There is very little doubt that the man who reinvented the tank, the armoured fighting vehicles, was Churchill. He was not the first to think of it. It had been thought of 580 years previously in the year 1335 by Guido de Vigivano. However, while Churchill was still First Lord of the Admiralty he got the Director of Naval Construction to design a “land warship”. He spent £70000 of the Navy’s money to build 18 tanks and when he became Minister of Munitions he pushed on hard with their development and construction. They were first used at Thiepval in September 1916 but only 50, far too small a number to have any real effect. One year later 400 were used at Cambrai and this time had a far greater effect. With this innovation Churchill had altered the whole concept of land war; he had altered the tactics and with it the strategies. Without Churchill’s invention of armoured fighting vehicles Hitler could not have had his Blitzkrieg and rushed through the countries in the way he did. So to Churchill must go the credit – or blame – for armoured land fighting.

Although my talk is about “Churchill the Warrior”, as I see so many ladies present, I thought they might like to hear two of Winston’s famous repartees to the ladies. The first was to Lady Astor. She was an American married to an Englishman and was the first woman to enter British Parliament. She used to argue with Churchill the whole time. At a luncheon party at which they were both present she got so annoyed with him she said: “Winston, if you were married to me I would give you poison.” Winston retorted: “Nancy, if I were married to you I would take it!” Then, after the war when he had lost the election and was out of office, he dined very well in the House of Commons dining room. As he walked out down the wide corridors of the House of Commons he zigzagged a little. A well-known lady M.P., much beloved but not very beautiful, went up to him and said: “Winston, you are drunk”. Pulling himself up he replied: “Bessie, my dear, do you know you are very ugly. Tomorrow I’ll be sober and you will still be very ugly.”

In 1928, when he was Chancellor of the Exchequer, he visited the Commander-in-Chief in Malta, Admiral Sir Roger Keyes. He spent a fortnight there and then went to sea with the Fleet. I was a two-stripe lieutenant on the Commander-in-Chief’s staff, as assistant fleet wireless officer, responsible for the wireless traffic of the Fleet. Winston wrote out a whole lot of thank-you letters in the form of radio telegrams to all the people who had entertained him. They were sent to me to transmit back to Malta. I went to Churchill and said: “All your telegrams have gone, sir, and here is your bill: £9.17.6.” “That’s ridiculous”, he said, “Malta is only six miles away”. “That’s what everyone has to pay”, I replied, “6d a word.” “But who settled that?” he asked. “The Chancellor of the Exchequer”, I said. “What ought it to be?” he questioned. “Two pence”, I replied. “Very well, make it two pence”, he ended. And then I knew he really was reliable.

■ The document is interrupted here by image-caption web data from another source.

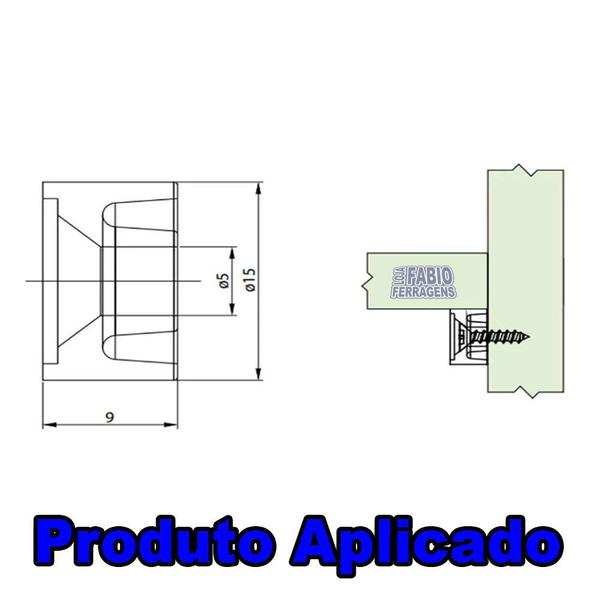 Imagem de Suporte Prateleira Móveis 10x15 Redondo Preto Móveis 100 Unidades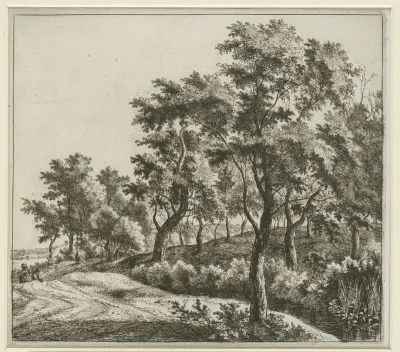 Landschap met weg langs een beek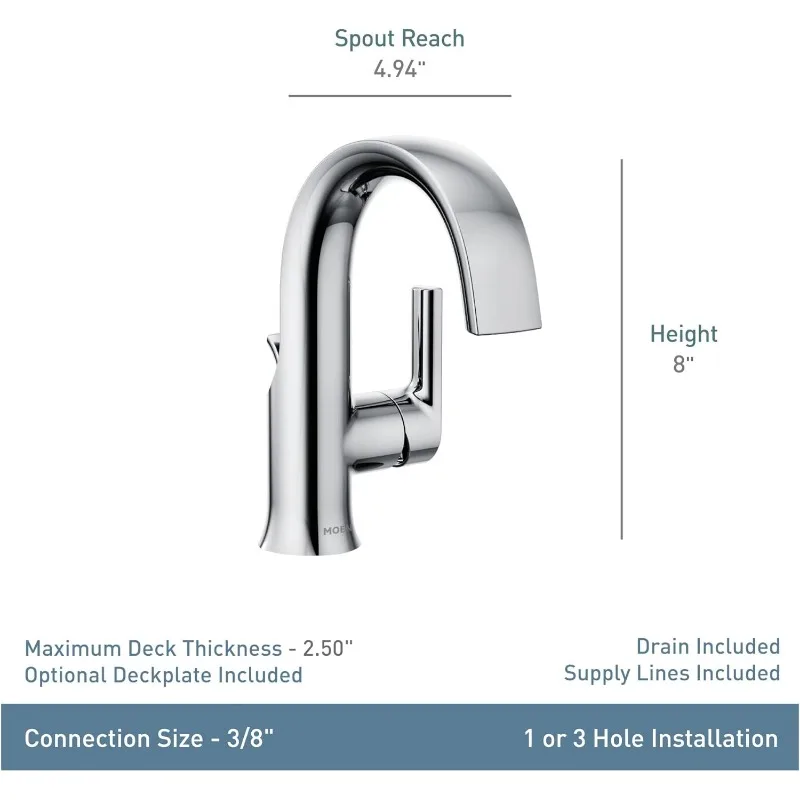 Doux Matte Black One-Handle High Arc Laminar Stream Bathroom Faucet, Contemporary Single Hole Bathroom Sink Faucet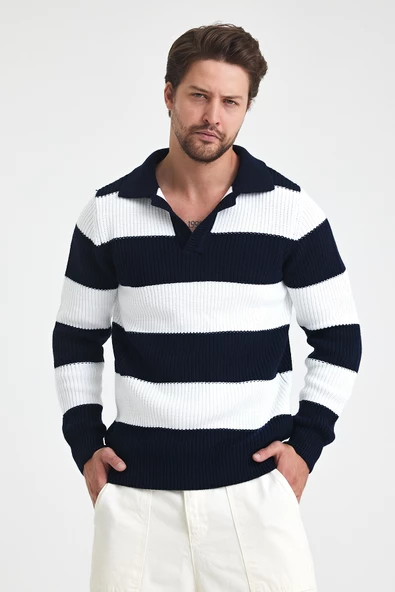 Erkek Renk Bloklu Regular Polo Yaka Triko Kazak - 3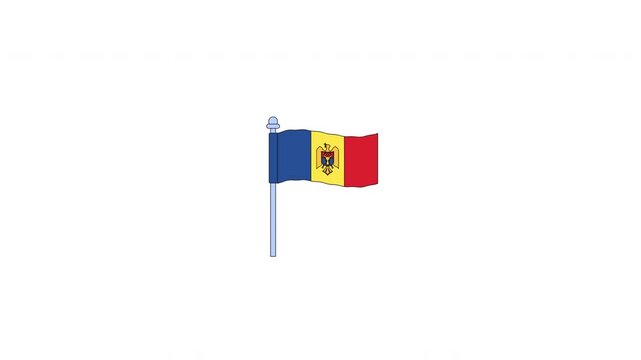 Waving Moldova flag on flagpole 2D cartoon clipart animation. Vertical tricolor with coat of arms. Eastern Europe. Moldovan national animated flat colorful element 4K video on transparent background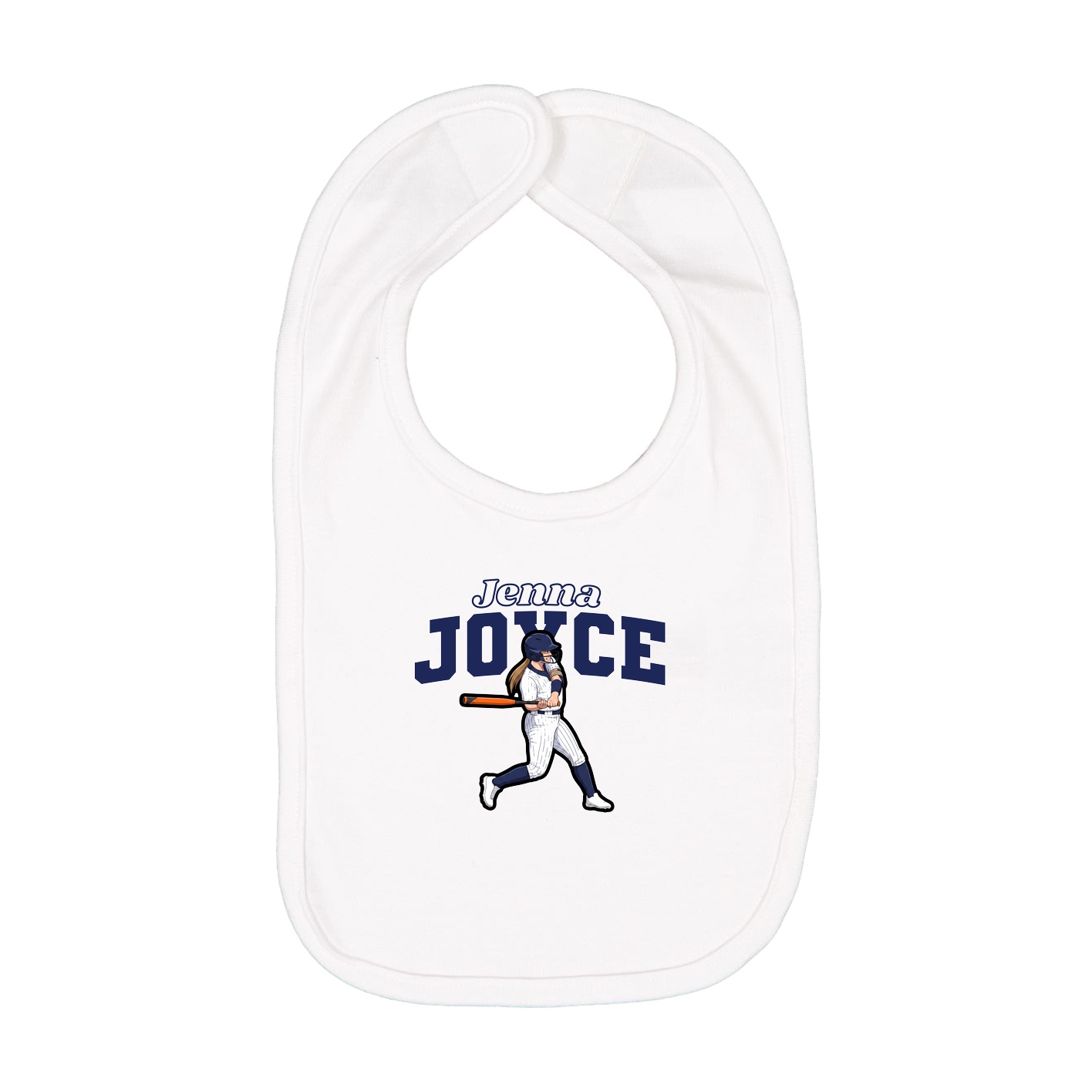 Infant Bib — Name Arch in White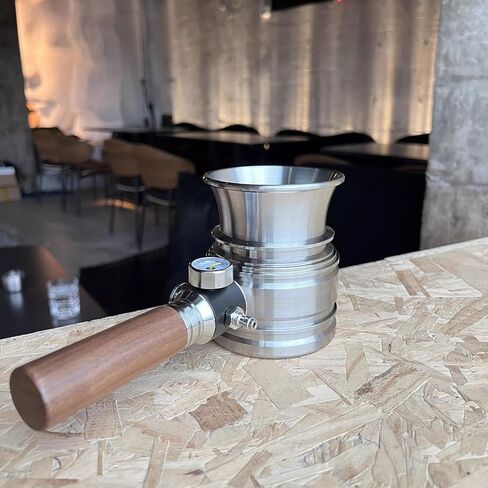 Pneumatic Coffee Machine, Portable Manual Espresso Maker with Pressure Gauge and Wooden Handle for Home, Camping, Travel in Saudi Arabia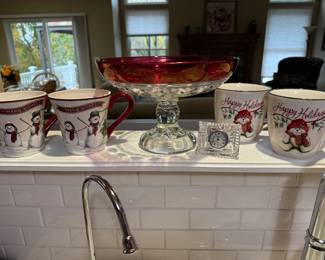 Holiday and other vintage glassware - lots of different American vintage glass not shown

During the interwar years my wife, who had been a friend of his before me, and I kept up our friendship with him. We maintained our strong support for his attack on appeasement, on the failure to stand up to the Fascists and the Nazis. Winston spoke out very strongly. This is what he said in the House of Commons in 1938, two weeks after the annexation of Austria: “For five years I have talked to the House on these matters, not with very great success. I have watched this famous Island descending incontinently, fecklessly, the stairway which leads to a dark gulf. It is a fine broad stairway at the beginning but after a bit the carpet ends. A little farther on, there are only flag stones, a little farther on still, these flag stones break beneath your feet. If mortal catastrophe should overtake the British Nation, historians a thousand years hence will never understand how it was that the victorious nation suffered themselves to cast away all that they had gained by measure-less sacrifice. Now the victors are vanquished and those who threw down their arms are striding on to world mastery.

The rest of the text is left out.